§ **Description of the task**:
The reply must contain exactly the lines below from the one with "bontott PEUGEOT 307 Csomagtér Szellőző Jobb" down to the one with "Photo 3 of 2017", both included, and nothing more; please omit the pictures.

§ **Listed entries**:
··········

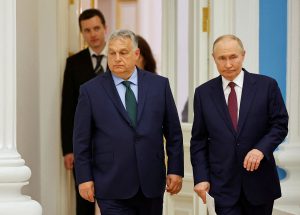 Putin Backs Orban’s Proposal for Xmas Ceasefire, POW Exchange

··········

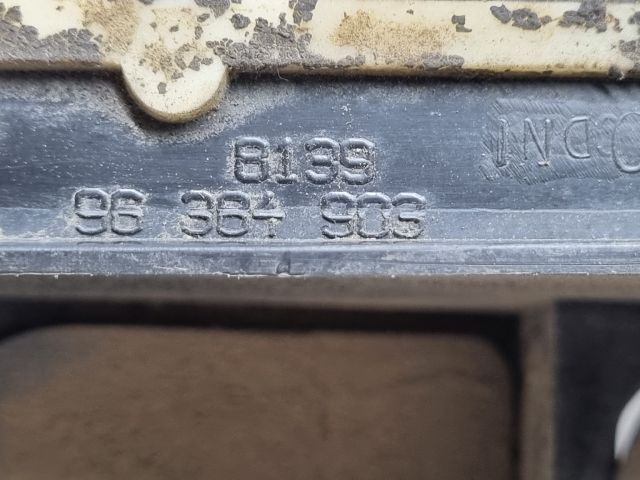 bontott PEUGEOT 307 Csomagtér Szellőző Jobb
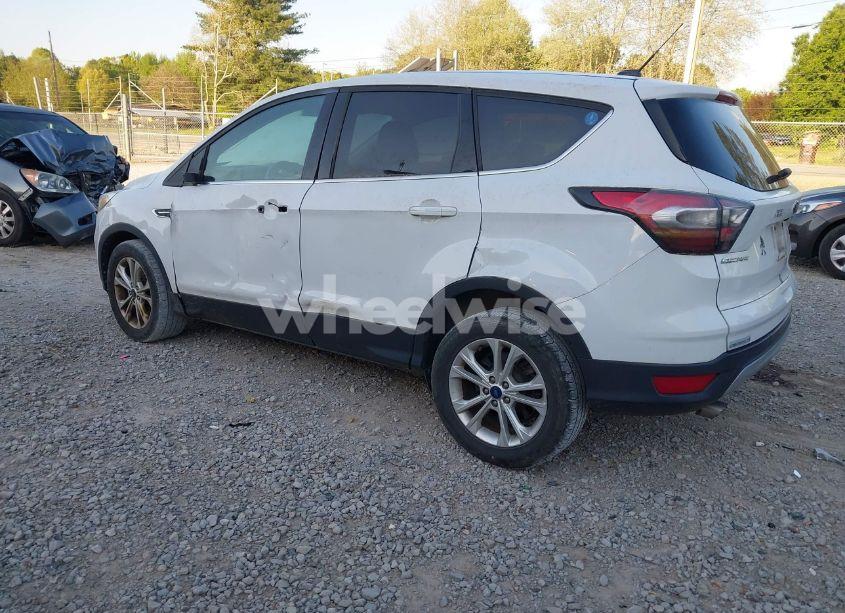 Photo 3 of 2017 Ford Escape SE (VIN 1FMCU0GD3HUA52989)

··········

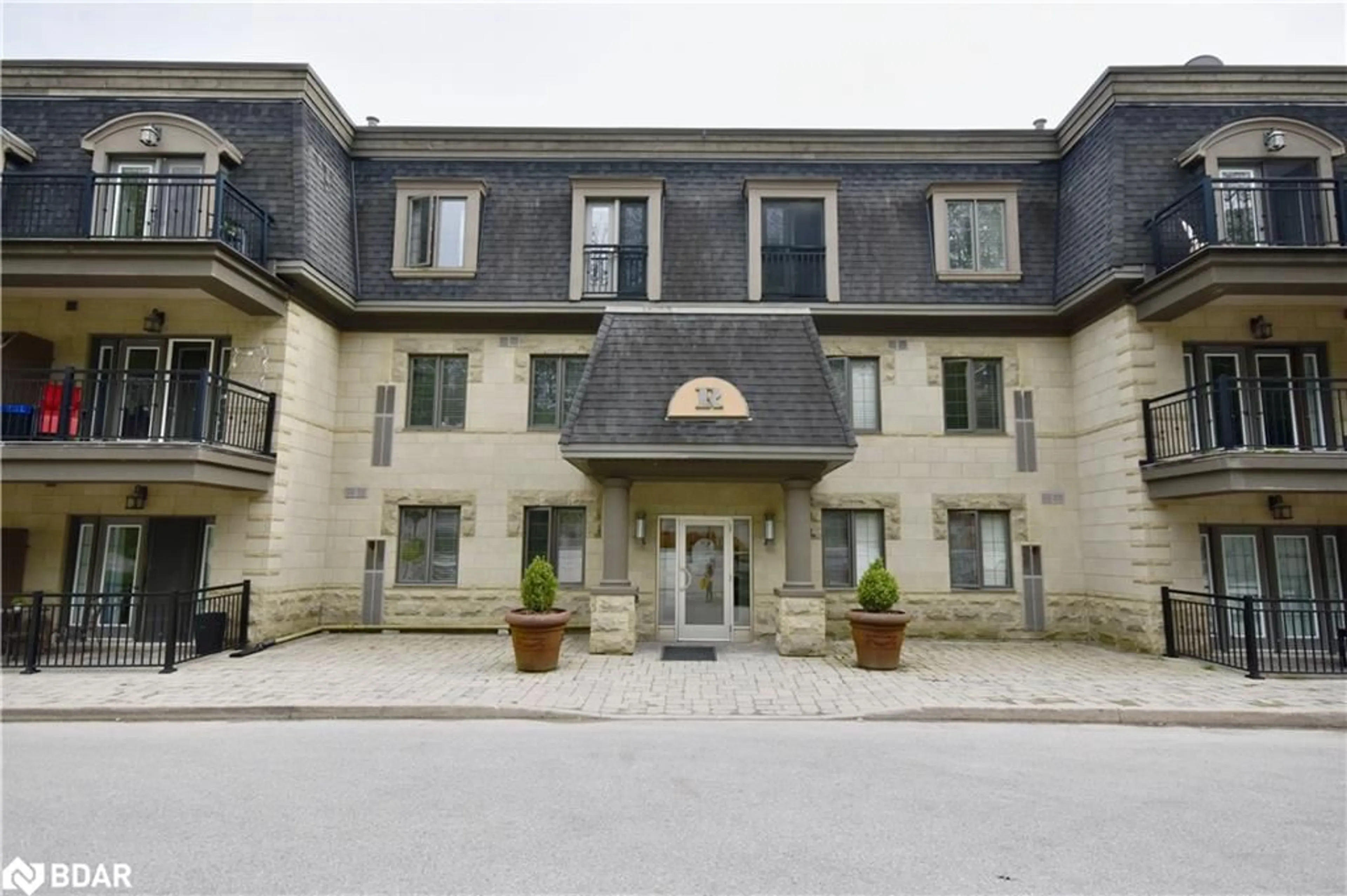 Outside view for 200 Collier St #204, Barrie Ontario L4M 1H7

··········

§ **Solution**:
 bontott PEUGEOT 307 Csomagtér Szellőző Jobb
 Photo 3 of 2017 Ford Escape SE (VIN 1FMCU0GD3HUA52989)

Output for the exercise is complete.